__EXERCISE OBJECTIVE__.
For this listing, the lines between the one holding "Christian Louboutin Size" and the one holding "Rentekammeret inntil 1814, Realistisk", inclusive, must be set down exactly.

__RECORDS__.
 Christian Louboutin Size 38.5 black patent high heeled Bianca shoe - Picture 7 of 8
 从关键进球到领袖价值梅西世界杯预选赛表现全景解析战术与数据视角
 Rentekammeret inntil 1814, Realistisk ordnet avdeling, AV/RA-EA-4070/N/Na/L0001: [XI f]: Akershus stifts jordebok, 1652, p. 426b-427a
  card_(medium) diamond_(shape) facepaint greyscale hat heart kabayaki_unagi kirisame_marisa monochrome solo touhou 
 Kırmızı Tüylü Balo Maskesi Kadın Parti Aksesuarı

==

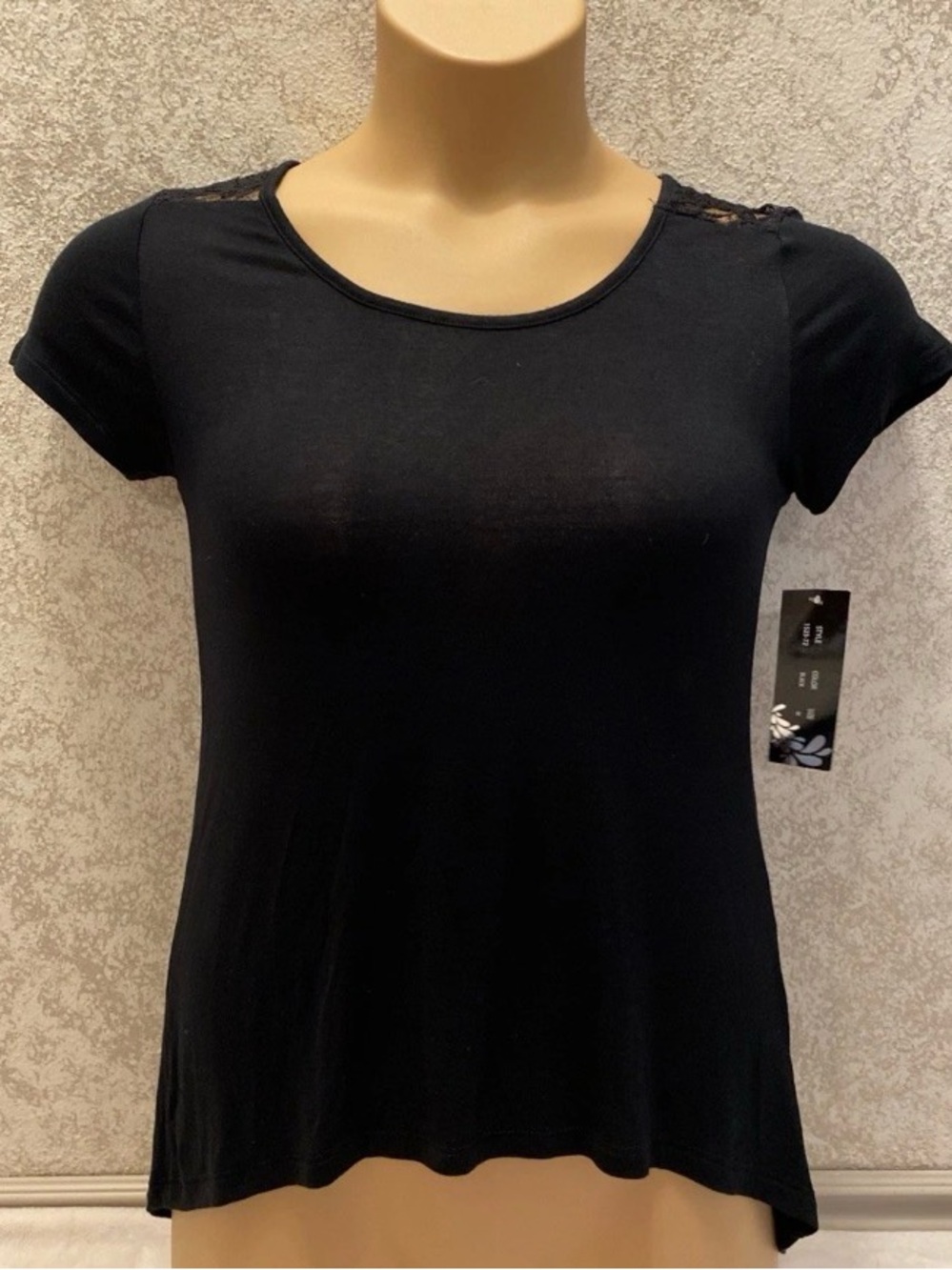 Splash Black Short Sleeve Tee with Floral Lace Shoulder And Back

* * *

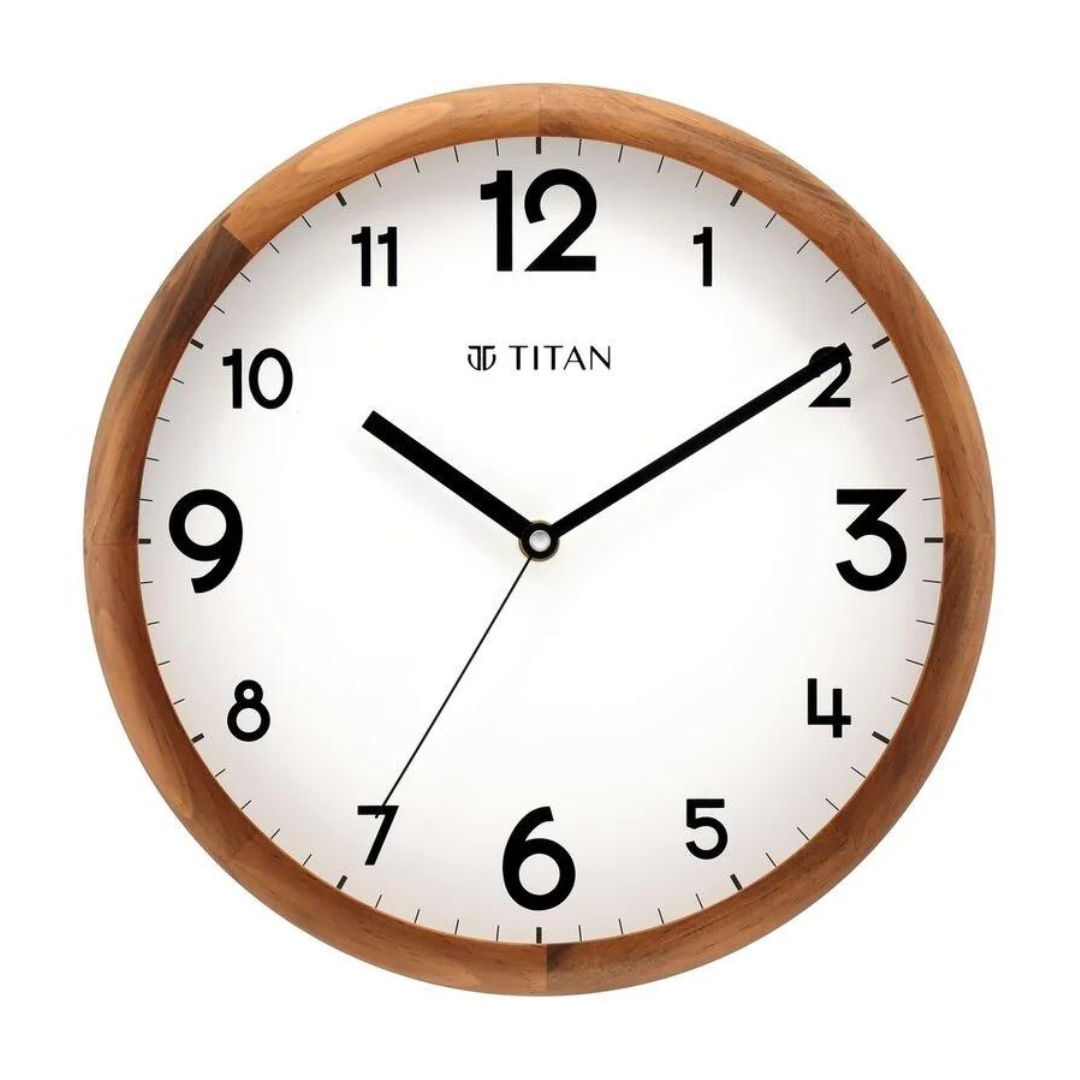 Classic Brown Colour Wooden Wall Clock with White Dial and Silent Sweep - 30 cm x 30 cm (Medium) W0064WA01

__THE COMPLETED TASK__.
 Christian Louboutin Size 38.5 black patent high heeled Bianca shoe - Picture 7 of 8
 从关键进球到领袖价值梅西世界杯预选赛表现全景解析战术与数据视角
 Rentekammeret inntil 1814, Realistisk ordnet avdeling, AV/RA-EA-4070/N/Na/L0001: [XI f]: Akershus stifts jordebok, 1652, p. 426b-427a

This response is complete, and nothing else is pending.